--- Records supplied ---
══════

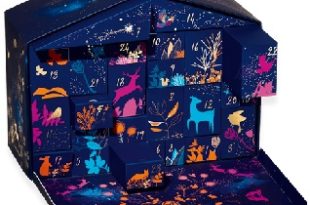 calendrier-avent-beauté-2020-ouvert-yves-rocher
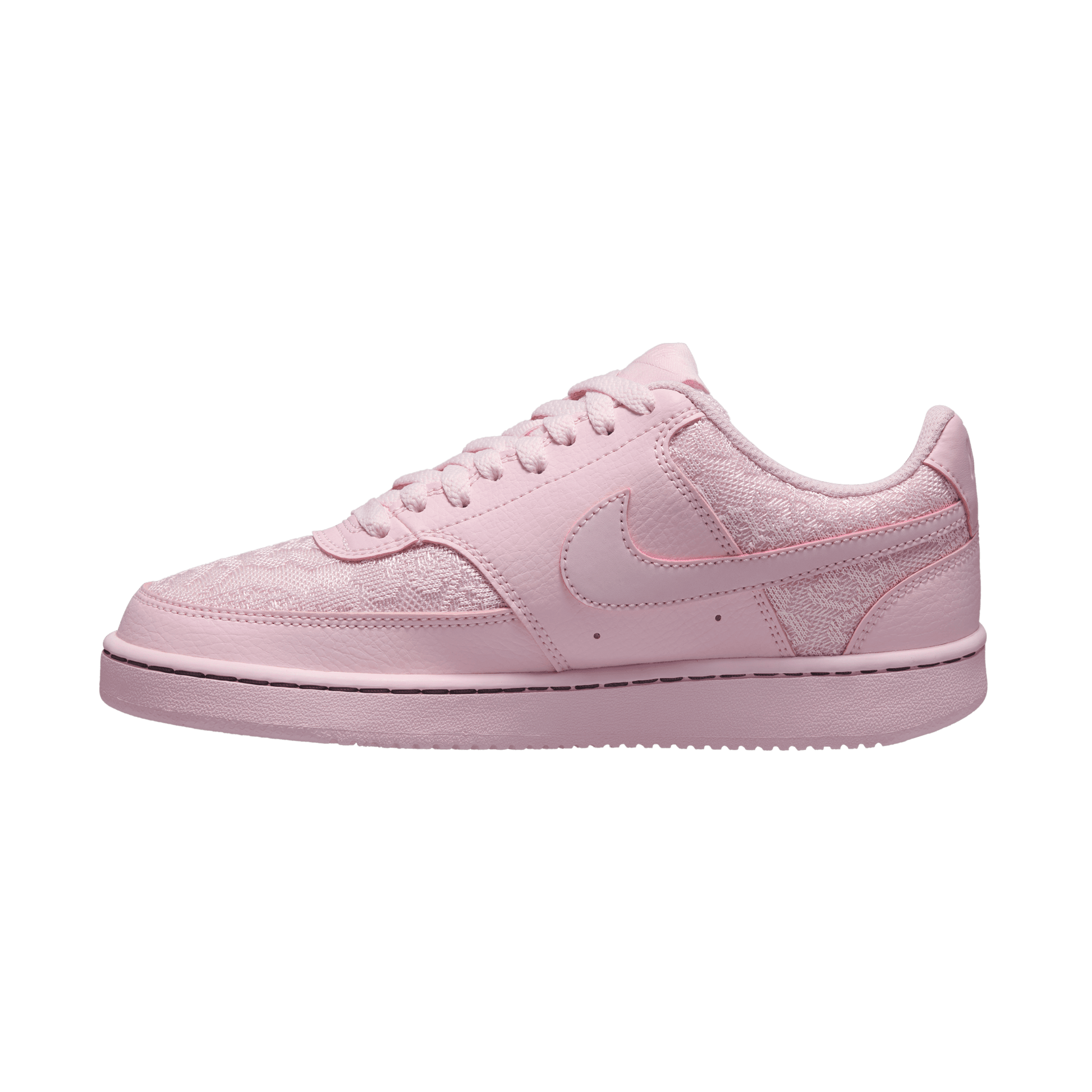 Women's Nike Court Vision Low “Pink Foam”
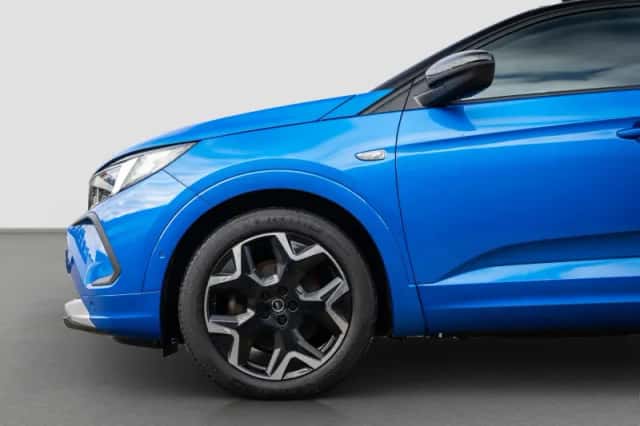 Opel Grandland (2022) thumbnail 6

══════

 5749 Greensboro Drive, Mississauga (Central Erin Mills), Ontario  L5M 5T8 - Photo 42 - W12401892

══════

--- To do ---
In the material above, the stretch from the line with "Women's Nike Court" through the line with "Opel Grandland (2022) thumbnail 6" is to be given again exactly, minus the pictures.

--- Answer for this exercise ---
 Women's Nike Court Vision Low “Pink Foam”
 Opel Grandland (2022) thumbnail 6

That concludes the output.